Build tests in this sequence — it matches the development phases and catches the highest-risk bugs earliest:

  1. state.pyCouncilState reducers (write before any agent code)
  2. agents/ — each node function (write alongside each node implementation)
  3. Routing logic (write before connecting the graph)
  4. graph_builder.py (write alongside Phase 3 dynamic graph work)
  5. REST API endpoints (write alongside Phase 2 blueprint persistence)
  6. Frontend parser (write alongside Phase 2 React Flow work)
  7. WebSocket events (write alongside Phase 3 integration work)
  8. God Mode / Human-in-the-Loop (write alongside Phase 4)
  9. Tool wrappers (write alongside Phase 4)

5. What to Avoid

  • Do not make real LLM API calls in any test.
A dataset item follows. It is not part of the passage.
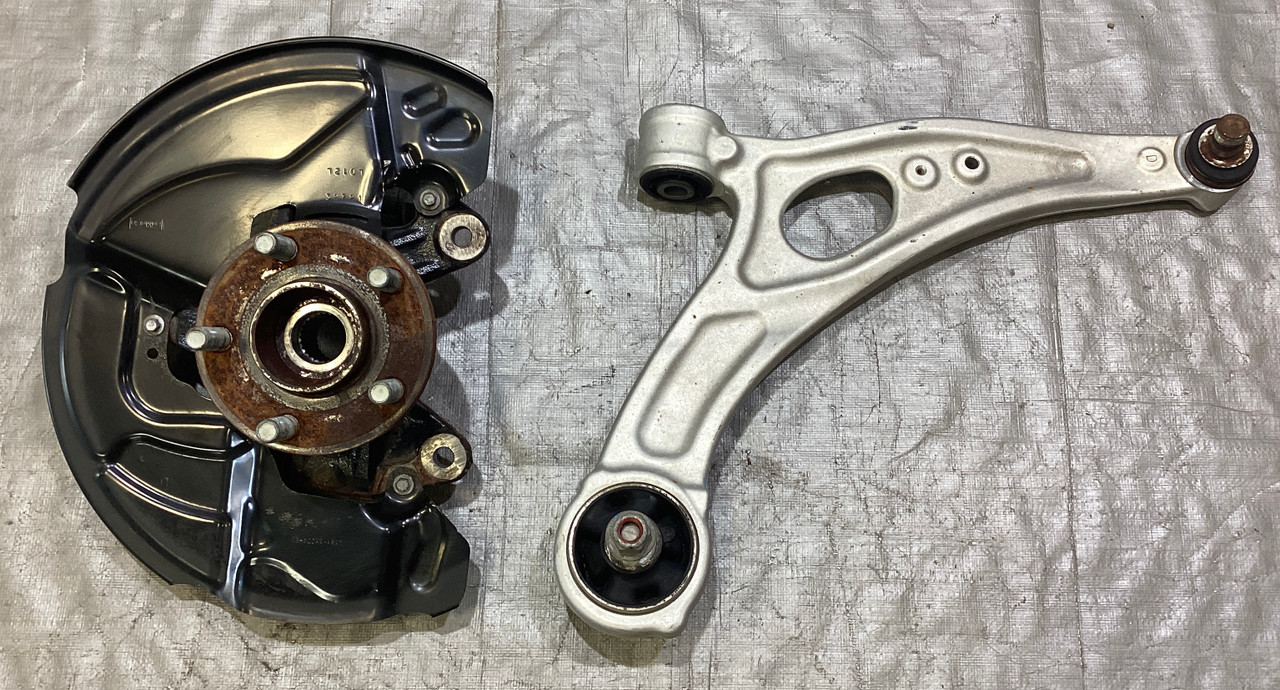 IMG_0113__29086.1723820924.jpg 2022-2023 Ford Maverick Passenger Front Knee Hub Knuckle w/ Lower Control Arm / 11K MV002 - Image 1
This adds cost, latency, and flakiness. Always mock ChatAnthropic and ChatOpenAI.
  • Do not snapshot-test React Flow canvas state. React Flow's internal node positions change non-deterministically and will make snapshot tests fail constantly.
  • Do not use a shared test database. Each integration test that touches the database must run in a transaction that is rolled back after the test, or use a separate ephemeral schema.
  • Do not test the routing score threshold at exactly 8. Always test both sides of the boundary (score = 7 → rework, score = 8 → approve, score = 9 → approve) to catch off-by-one errors in conditional logic.
  • Do not write end-to-end browser tests before Phase 3 is stable. E2E tests on an unstable UI are expensive to maintain. Add Playwright/Cypress tests only once the API contract between frontend and backend is frozen.